Ingredients for Glaze:

2 big navel oranges, zest only

2 cups orange juice, I used pulp free

1/3 cup white granulated sugar

1/3 cup brown sugar, packed

3 Tablespoons butter, melted

1/4 teaspoon salt

2 Tablespoons corn starch

Combine all ingredients in a small saucepan and cook until thickened.

You may use raw sweet potatoes or frozen patties (if you buy or use frozen patties, thaw them before using in this recipe). It’s easy to find the patties at your grocery store during the holiday season. They freeze well too if you want to make this recipe for Easter.

Preheat oven to 350 degrees.

For raw sweet potatoes, cook in boiling water for 20 minutes or until tender. Cool, peel and slice. Place sliced in a baking pan that has been sprayed with nonstick cooking spray. Pour the glaze over the slices and bake for 30 minutes.

For prepared patties, place patties in baking dish. Pour the glaze over the patties, bake for 30 minutes.

Sweet Potato Soufflé

If you love sweet potatoes, you will love my recipe for Sweet Potato Soufflé. This can be made 2 days before you cook it. If you make it ahead, leave on countertop for 20 minutes before baking.
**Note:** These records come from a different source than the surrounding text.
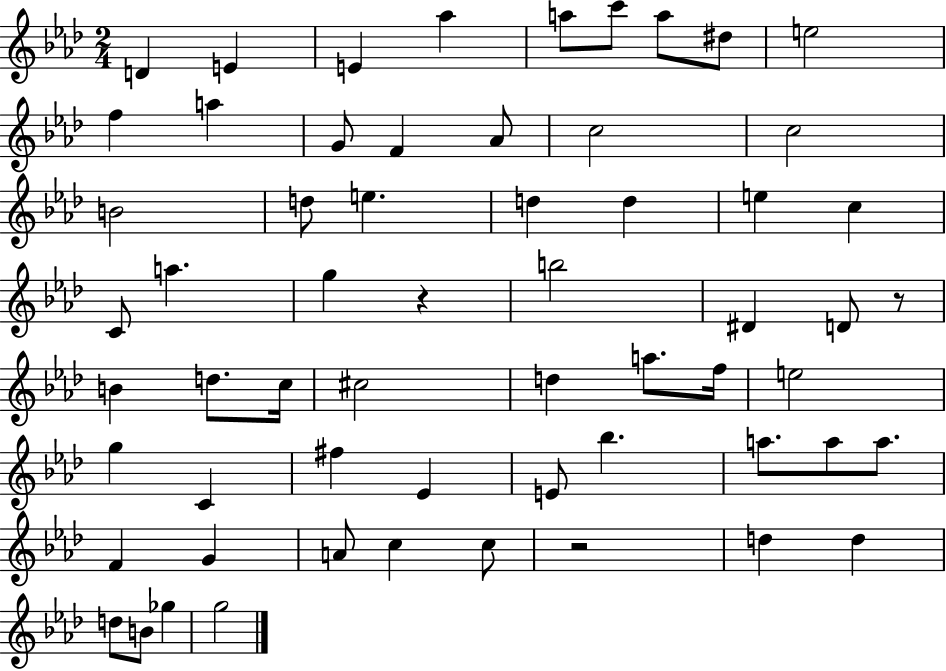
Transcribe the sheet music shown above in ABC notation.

X:1
T:Untitled
M:2/4
L:1/4
K:Ab
D E E _a a/2 c'/2 a/2 ^d/2 e2 f a G/2 F _A/2 c2 c2 B2 d/2 e d d e c C/2 a g z b2 ^D D/2 z/2 B d/2 c/4 ^c2 d a/2 f/4 e2 g C ^f _E E/2 _b a/2 a/2 a/2 F G A/2 c c/2 z2 d d d/2 B/2 _g g2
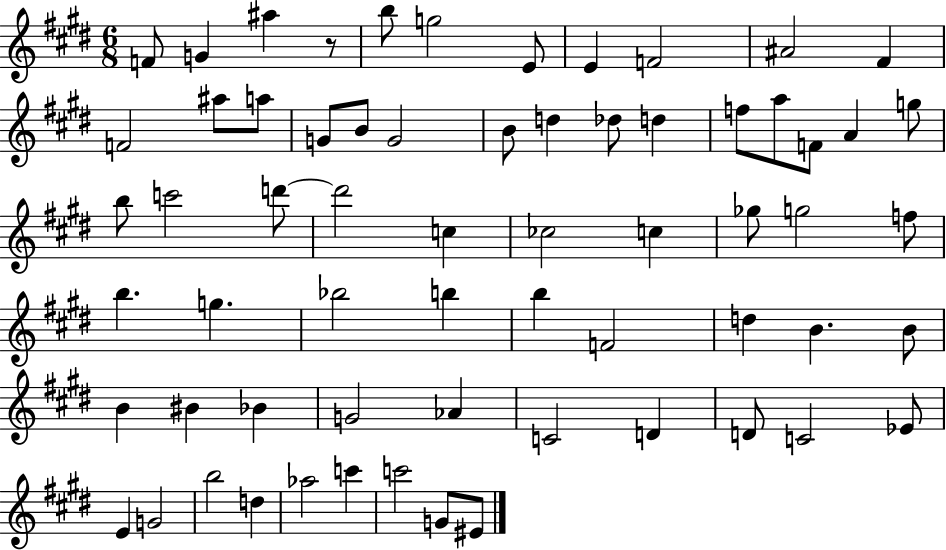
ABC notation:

X:1
T:Untitled
M:6/8
L:1/4
K:E
F/2 G ^a z/2 b/2 g2 E/2 E F2 ^A2 ^F F2 ^a/2 a/2 G/2 B/2 G2 B/2 d _d/2 d f/2 a/2 F/2 A g/2 b/2 c'2 d'/2 d'2 c _c2 c _g/2 g2 f/2 b g _b2 b b F2 d B B/2 B ^B _B G2 _A C2 D D/2 C2 _E/2 E G2 b2 d _a2 c' c'2 G/2 ^E/2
3 cups of mashed (drained if using can) sweet potatoes. (Bruce’s Cut Sweet Potatoes, one 40 once can, is recommended if using canned)
1 cup sugar (if canned sweet potatoes are used, reduce sugar by 1/2)
1/2 teaspoon salt
2 eggs
1/3 cup melted butter
1/2 cup milk
1 teaspoon vanilla

Preheat oven to 350 degrees. Mix all ingredients together and pour into an 8 x 8 *baking dish that you have sprayed with Pam.

Topping:
1 cup brown sugar
1/2 cup flour
1 cup pecans, chopped
1/4 cup melted butter

Mix and crumble on top of potatoes. Bake for 35 minutes.

*Double this recipe to make 9 x 13, triple will make 9 x 15.
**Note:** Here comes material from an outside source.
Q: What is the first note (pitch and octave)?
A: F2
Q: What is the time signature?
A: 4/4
This dish is fabulous leftover. I have made it both ways with canned and baked sweet potatoes. You CANNOT tell the difference. I have made this recipe for decades for my family. One of their favorites at Thanksgiving.

***Tip: This dish can be made a day or two ahead and refrigerated. Take it out of the refrigerator 20 minutes before you need to bake it. This can be a big time saver when trying to prepare a holiday meal.